Has anyone out there experienced problems imaging too many systems at once? When we NetBoot all 31 iMacs at a school and start each one imaging, inevitably a large number (majority) of the systems will fail to install all of the packages correctly. We end up having to do 10 or 15 at a time and then things seems to image more reliably. There is a Mac mini/Promise RAID server at each school providing NetBoot services which also hosts the Casper images locally.
The labs are made up of 31 iMacs all with gigabit network connections back to Cisco switches. Prior labs were made up of 2006 iMacs on 100mbit network connections on older Cisco gear and we occasionally ran into the same problems. Any input or advice would be greatly appreciated!
Posted on 08-15-2013 11:39 AM
Have not seen this... typically a network bandwidth or throughput issue. Do the network admins have SNMP enabled and/or using any kind of monitoring software (nmap/zenmap) to see exactly what is going on?
Don't know if it's possible or feasible, but could you utilize a dumb Gigabit switch and patch the Casper server directly into that switch, along with the lab machines? That would confirm that it was a network configuration and/or bandwidth issue.
Posted on 08-15-2013 12:09 PM
When we used NB we limited it to 10 because even though our Network is huge and fast, something was seeing the NB traffic and throttling it. Redtape aside we just moved to USB sticks.
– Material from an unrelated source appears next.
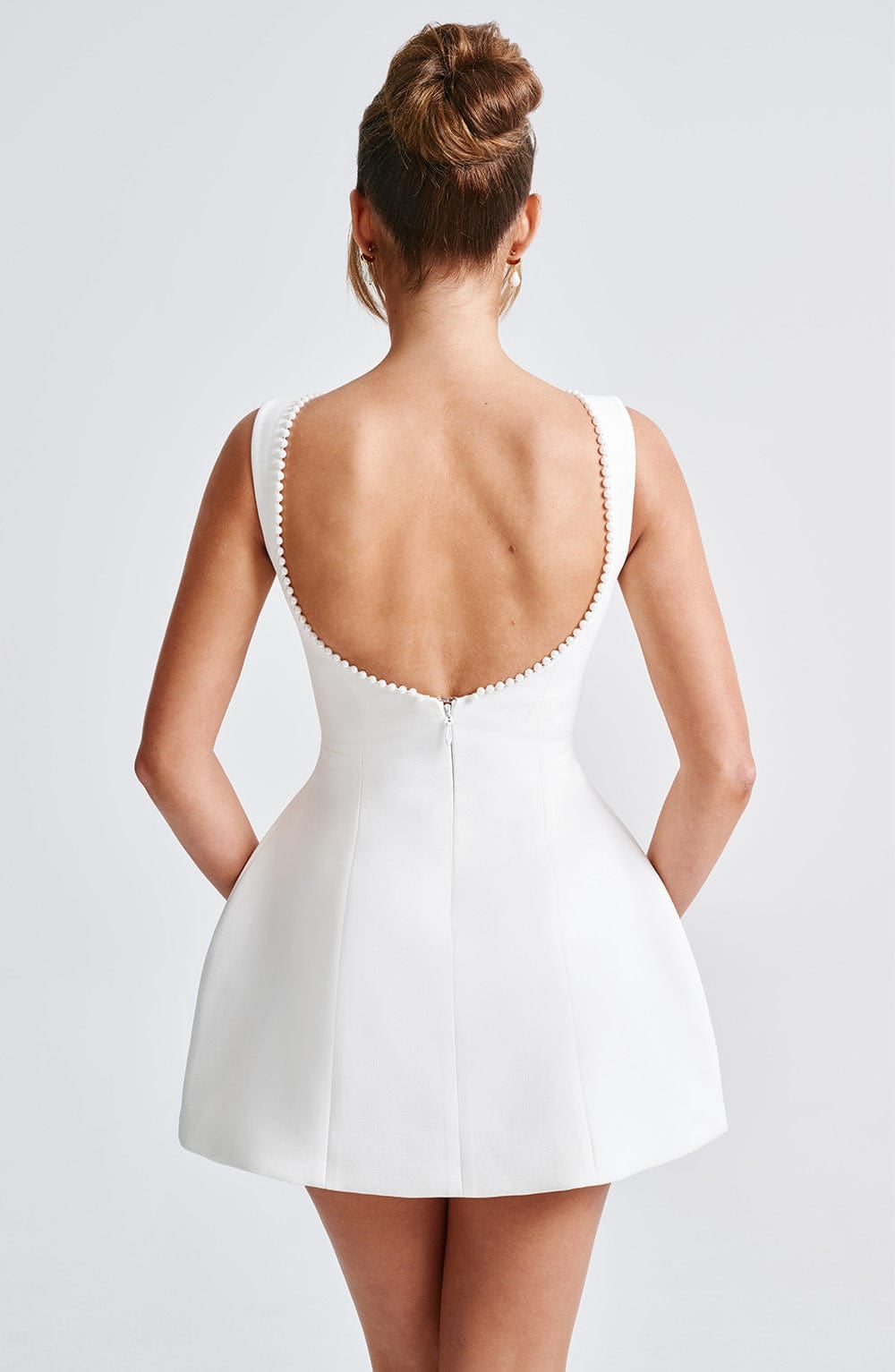 Side profile of Celeste A-line mini dress showing the flared skirt and tailored waist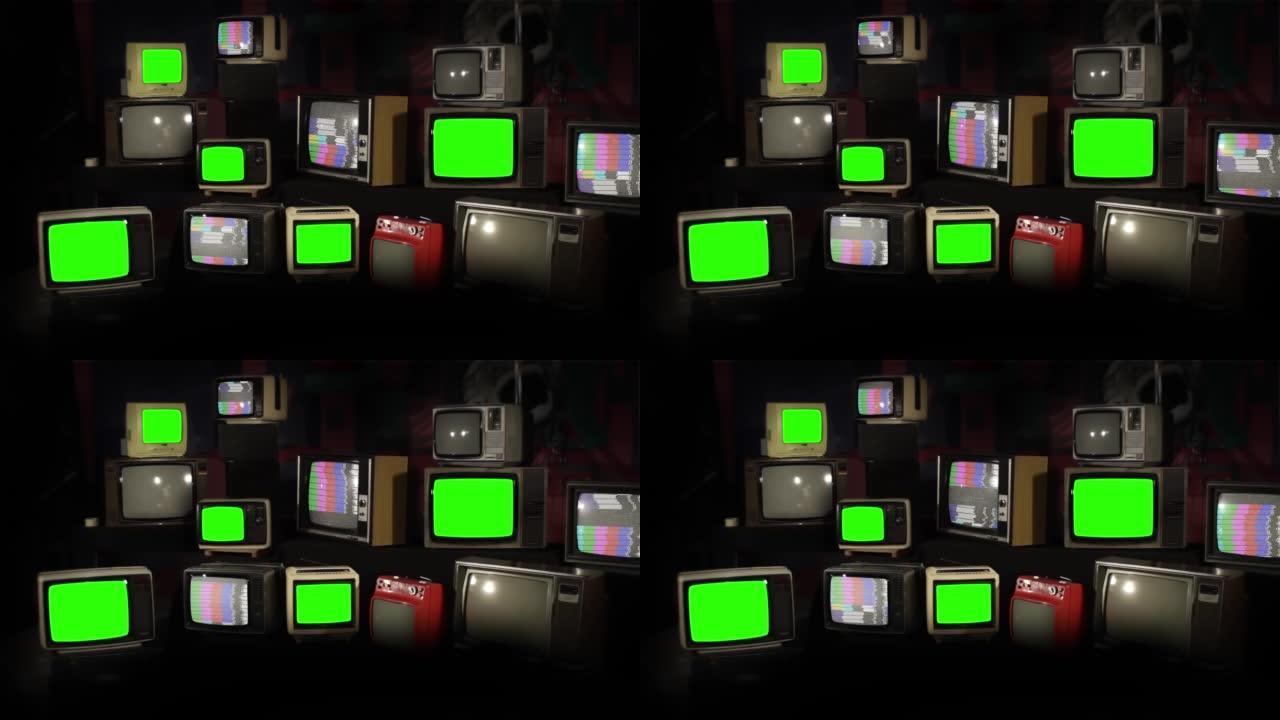 旧电视机，堆叠的复古老式电视，有些带有绿色屏幕和彩条。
Posted on 08-15-2013 12:09 PM
Double :(
Posted on 08-16-2013 04:45 AM
Separate the NetBoot service and Distribution points into 2 different servers and test.
Other thing you can do is to use the RAM Disk method for your NetBoot images to lower the server utilisation as described here;
http://www.macos.utah.edu/documentation/administration/setup_netboot_service_on_mac_os_x_10.6.x_clie...
Posted on 08-16-2013 06:24 AM
Have you checked the I/O load on your NetBoot server (specifically the Mac Mini not the RAID. We run between 30-50 machines at a time in labs but we made sure that we purpose built our netboot servers to fly at that load. A promise RAID should be fast enough to handle the shadow volumes... Just to make sure, your .nbi is hosted from the RAID correct, not just the DP correct?
Posted on 08-16-2013 06:25 AM
Have you checked the I/O load on your NetBoot server (specifically the Mac Mini not the RAID. We run between 30-50 machines at a time in labs but we made sure that we purpose built our netboot servers to fly at that load. A promise RAID should be fast enough to handle the shadow volumes... Just to make sure, your .nbi is hosted from the RAID correct, not just the DP correct?
Posted on 06-09-2014 12:51 PM
I have the same problems ... but it comes down to only 10 machines... with super fast server and network...
Posted on 06-09-2014 12:55 PM
Posted on 06-09-2014 12:57 PM
hi
thats a procedure we already applied on our net boot image...
i will double check again...
Posted on 06-10-2014 07:29 AM
I have to ask. Are you running this in multicast? I've seen these problems with other folks if so.
Posted on 06-10-2014 07:31 AM
hi
actually im not even sure if im using unicast or multicast... im just imaging basic and standard image from simple net boot... so i assume its unicast
Posted on 06-10-2014 07:37 AM
In that case I would agree. In general, you have to turn on multicast. Now, with that said, I'm also not sure that NetBoot is your issue as it seems that the machines are booting properly but failing or dropping off during transfer. Diskless netboot is critical, however it will then create shadow volumes on your netboot server. If you don't have the space or the RAM to deal with it along with all the other requests this is the behavior you will see.
Also a 100Mbit network will slow down the process but it shouldn't kill any of the streams. I've had network segments in the past where there was a 100 Mbit link and it just slowed everything down to a crawl and that's it. Everything kept functioning normally.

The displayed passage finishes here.